If you're reading this, you've probably been in a relationship in the past, or this may be your first time breaking up with someone. In our lives there is always such a special person that forgetting them will be more difficult than flying to reach the stars. But in fact, it's not that difficult: you just have to have the right mindset.
Steps
Step 1. Remember the good and the bad
Many people will tell you to forget that person forever and everything that makes you think about them. This is much easier said than done. If you still succeed, you are formidable but you are also a little scary. If that person was very important to you, there is no way you can completely eliminate them from your heart. What we advise you to do is to look all your memories directly in the eye. Yes, it will be painful. But consider all the memories: the happy ones, the sad ones, those in which you felt there was no more hope or those in which you thought you wanted to marry that person. Evaluate these memories and let the emotions flow. Don't reject emotions, throw them out; cry or jump around. In short, do whatever you feel like doing, be yourself.

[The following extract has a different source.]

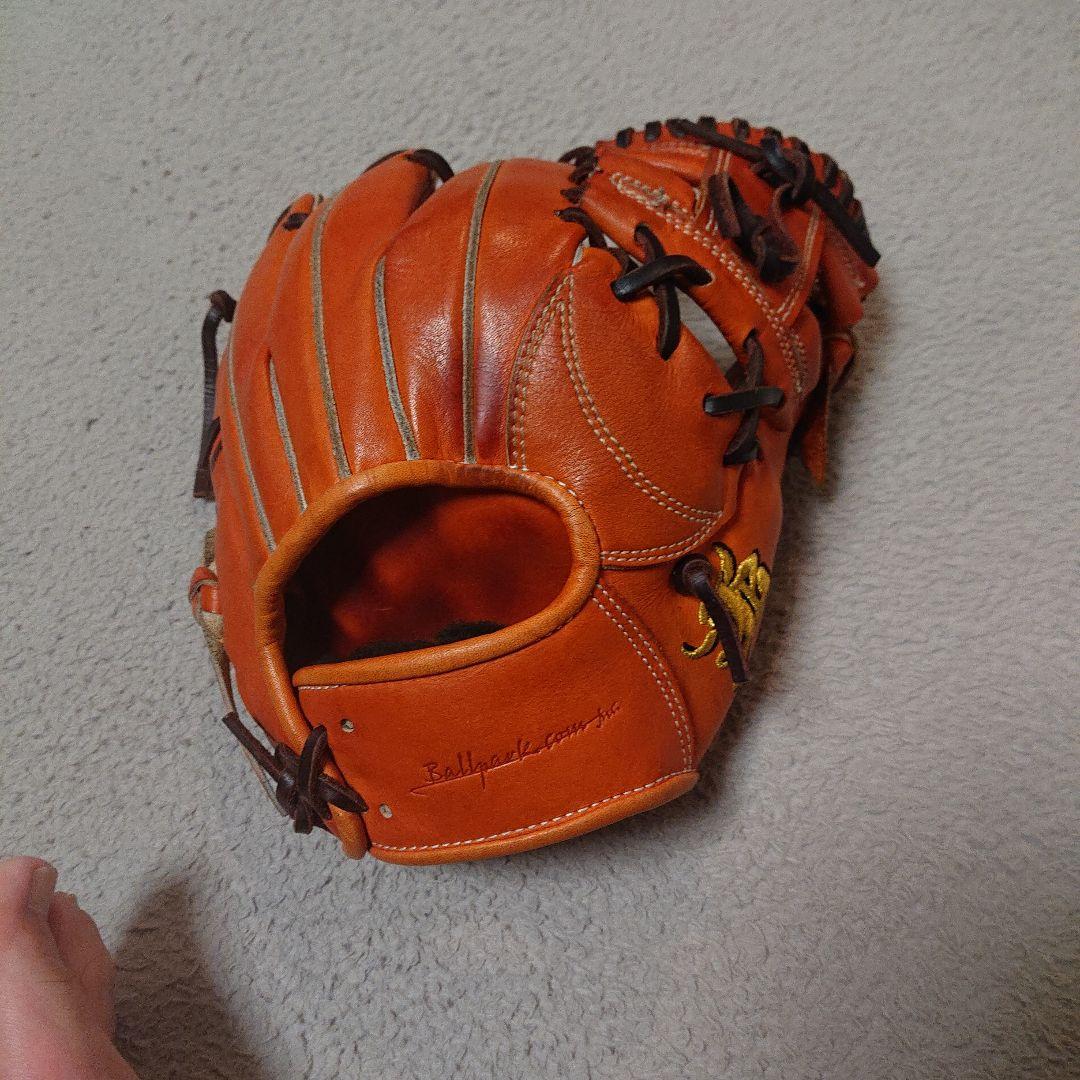 和牛JB オレンジ レザー 硬式野球グローブ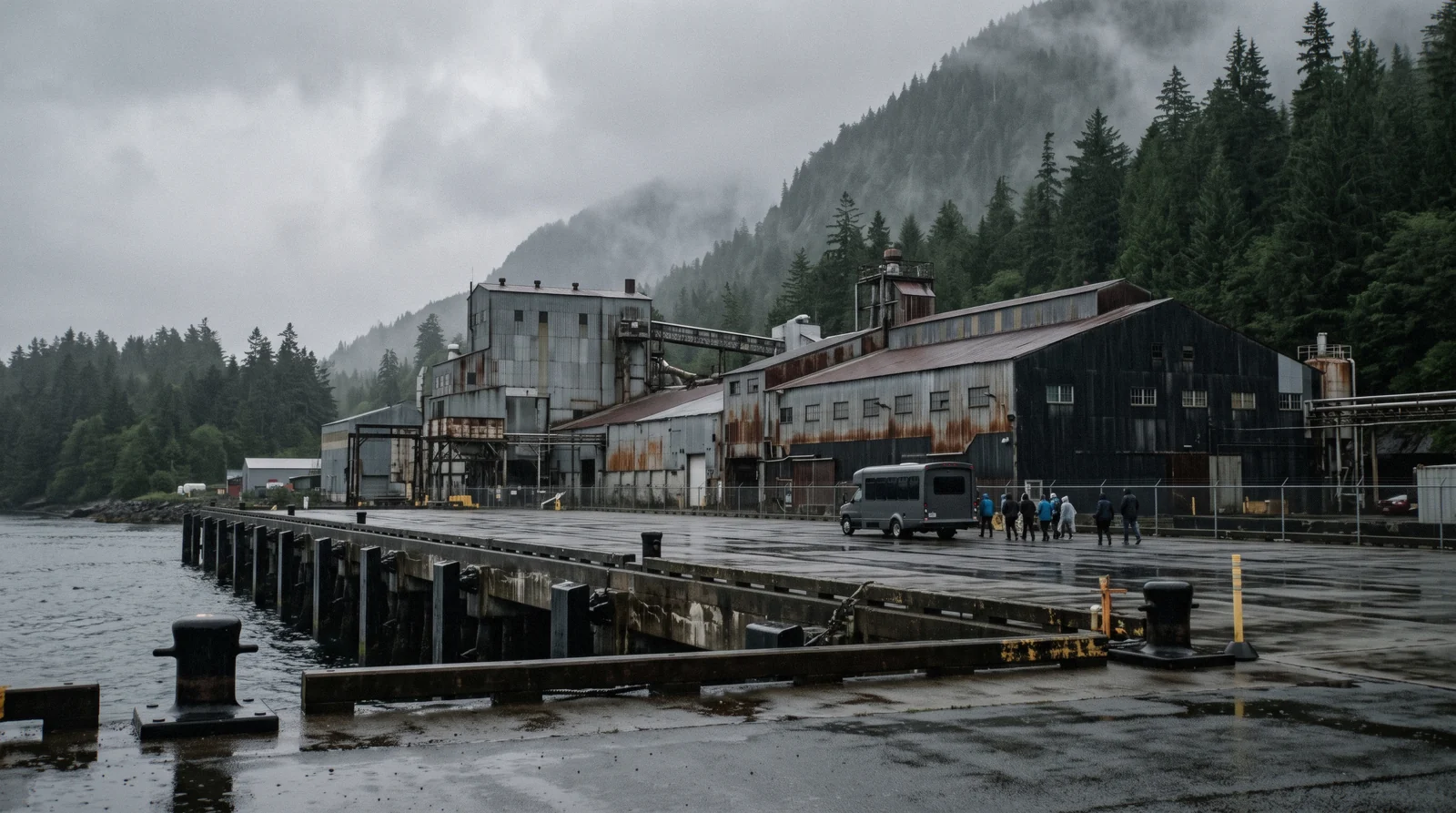 The cruise pier and converted pulp mill buildings at Ward Cove seven miles north of Ketchikan, Alaska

Step 2. Now that you are open to all of these emotions, grab a pen and paper
On a piece of paper, write down the reasons why the relationship didn't work out. Take your time and write a full paragraph or, even better, a complete essay.

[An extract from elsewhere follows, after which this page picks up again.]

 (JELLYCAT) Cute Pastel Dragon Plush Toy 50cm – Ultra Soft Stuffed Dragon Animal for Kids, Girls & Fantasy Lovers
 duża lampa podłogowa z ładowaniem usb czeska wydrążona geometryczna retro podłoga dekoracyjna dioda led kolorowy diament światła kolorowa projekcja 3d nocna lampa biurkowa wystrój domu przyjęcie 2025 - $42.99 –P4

Step 3. After you have done this, reread what you have written
1) Are you blaming yourself? 2) Are you blaming the other person? 3) Do you think you are rational?

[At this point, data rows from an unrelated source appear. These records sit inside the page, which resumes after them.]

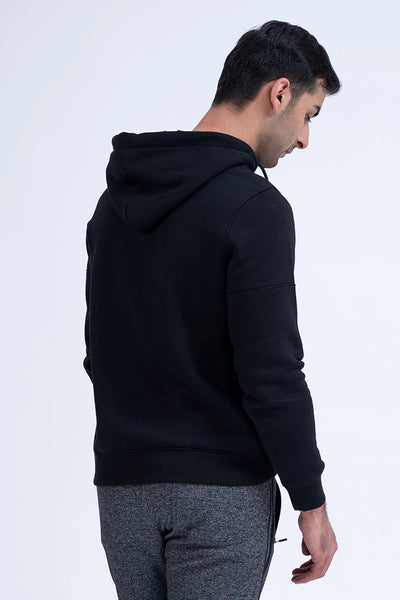 Black Half Zipper Hoodie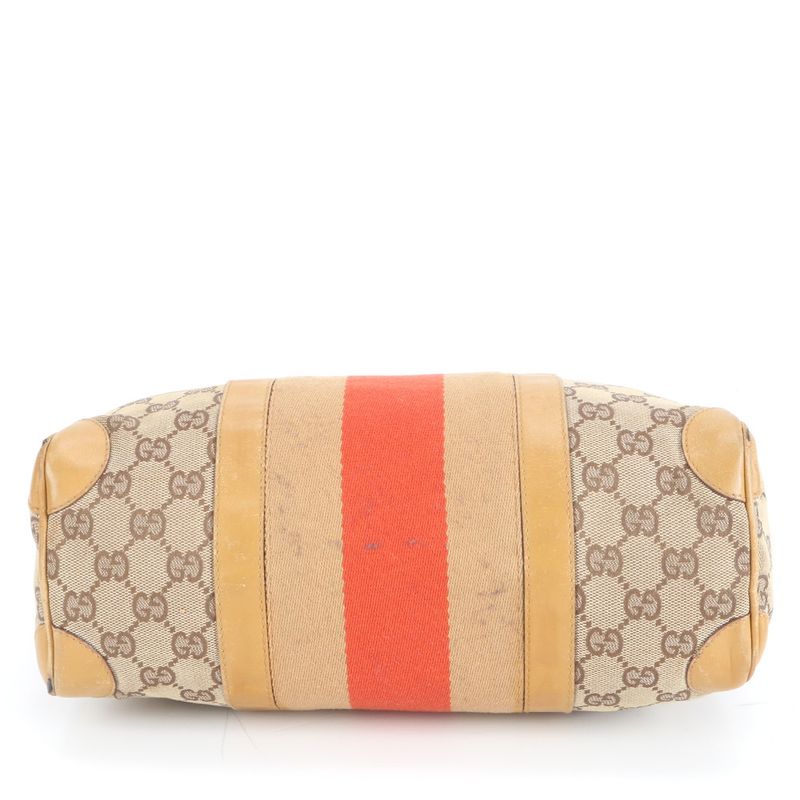 Gucci GG Canvas Leather Handbag Mini Boston 000-0851 Brown Gold Hardware Tote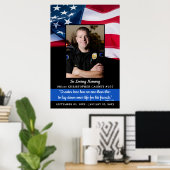 愛する記憶 警官追悼 棺の記念品 葬儀 ポスター (ホームオフィス)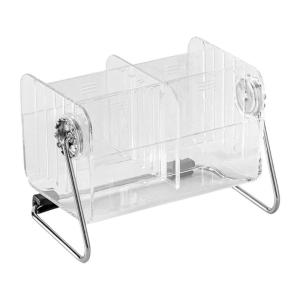 Desktop Media Organizer Acrylic and Metal Holder for Makeup and Remote Controllers Stationery Holder with Ample Capacity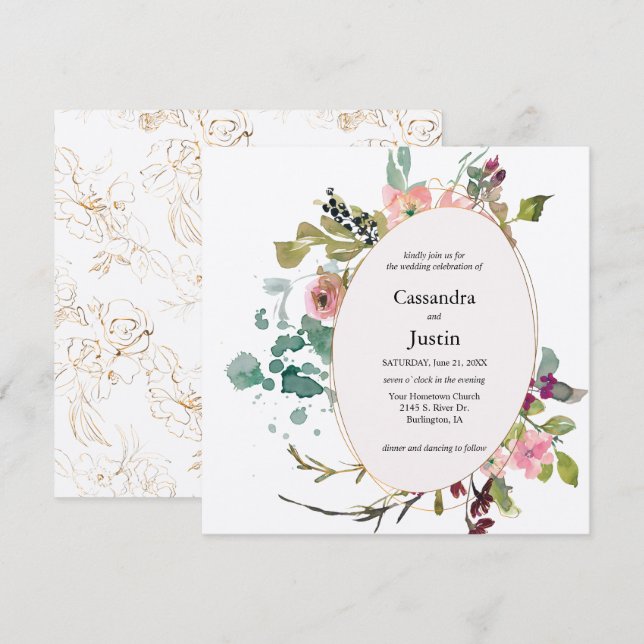 Invitation Aquarelle florale (Devant / Derrière)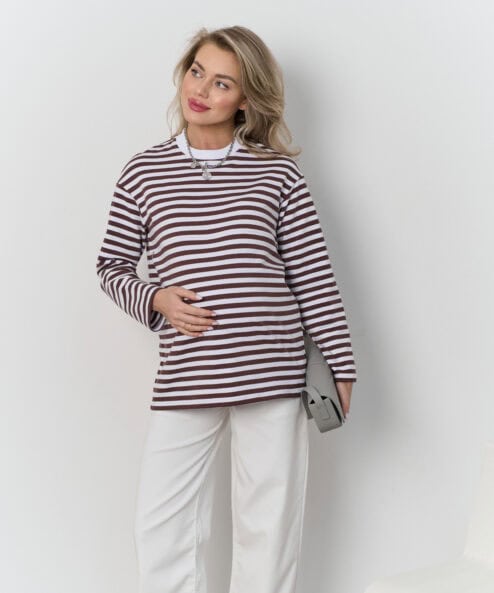 Коричневая тельняшка для будущих и кормящих мам Marina New — изображение 4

- If you are blaming yourself, ask yourself why. Is it really all your fault or did the relationship / person make you think you were the culprit? List all the positive things you have done for that person and read what you have written. By now you should have realized that you have done your part, and you cannot feel guilty for any reason.
- If you are blaming the other person, make a list of all the negative things that person has done to you and that make you feel that it is all his fault. Review the list and think about the time you lost with that person and how much they hurt you. Why do you have to continue to feel bad if you got rid of that person?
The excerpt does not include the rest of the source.